Due to changes in land surveying, we had to exclude landscape structure as a characteristic of land consumption. The distortion between different years was too high to allow for a comparison of landscape structural changes at the municipal level. However, future studies without the given distortions in data should include landscape structure as a potential driver for land consumption. Cluster 3 (transition regions), which is characterized by fragmented agricultural landscapes, seems to be highly susceptible to conversion towards forests compared to regions with considerably larger plots. Considering landscape structure could improve the study (Meyer and Früh-Müller 2020).

Conclusions

Municipalities with more efficient settlement development are often booming regions with scarce and more expensive land. In contrast, economically weaker municipalities with a declining population or less favorable demographics and likely lower land prices are often less efficient in settlement development. This inefficiency in settlement development has a clear effect on land market prices and on land consumption. This trend towards offering more land for settlement was apparent in demographically and economically weaker regions. In that respect, governance mechanisms such as regional planning or subsidy schemes for rural development are currently unable to counteract these environmentally and fiscally inefficient land consumption patterns. Major actors in land management (especially municipal policymakers) put the rational first: economic development potential (e.g., through commercial area development) and population growth (e.g., through new settlement development areas). Major actors’ decision-making is guided by insufficient quantitative information on trade-offs between economic, social, and environmental dimensions.

Technically, knowledge on sound indicator sets on land consumption (c.f. Siedentop and Fina (2010) or Marquard et al. (2020) for an overview) and its impacts (e.g., for decision support systems in spatial planning) exists (Grêt-Regamey et al. 2017b). Our indicator-based monitoring system aggregates information at the municipal level as the main decision-level of urban-land-use planning in Germany. With an intermediate aggregation level, this is an addition to existing studies and monitoring tools that are based on coarser scales beyond municipalities (e.g., Hersperger et al. (2017)) and to studies using finer scales that assess the impact of land consumption and urban land-use planning (Grêt-Regamey et al. 2017a).

The monitoring system aims to be informative for municipal decision-makers to support and improve their land management. The proposed monitoring tool aims at broadening the perspective from purely economic or demographic narratives towards a holistic perspective on the impacts of settlement development.

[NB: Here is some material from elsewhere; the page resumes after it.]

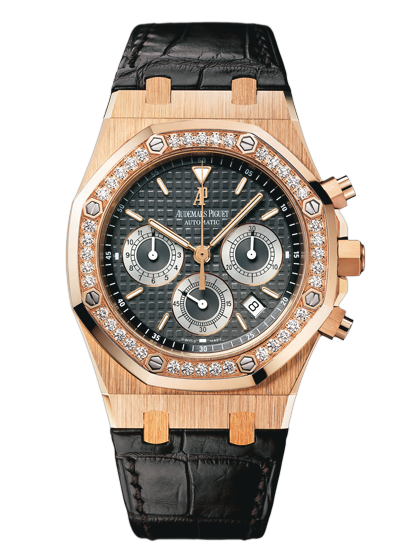 Audemars Piguet 26557OR.ZZ.D098CR.02 : Royal Oak 26557 Chronograph Pink Gold / Brown / Diamond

Here, the main contribution is to broaden the perspective to fiscal stability, economic prosperity, quality of life, or environmental health in an integrative manner. In addition, the coherent and independent assessment across municipalities puts the municipal land-use planning impacts into perspective, providing a comparison with neighboring communities. The possibility of an inter-municipal benchmarking may help to overcome the trap of the inter-municipal competition with land for inhabitants and companies.

Further research is needed to test how this intermediate approach at the municipal level impacts actual decision-making. It should assess whether tools such as the proposed indicator framework is able to sufficiently or considerably reduce land consumption and to spatially allocate land for settlement development with higher efficiency in terms of ecosystem services or other benefits. In addition, the limitations of informational governance should be further elaborated given the known need for a mix of governance instruments.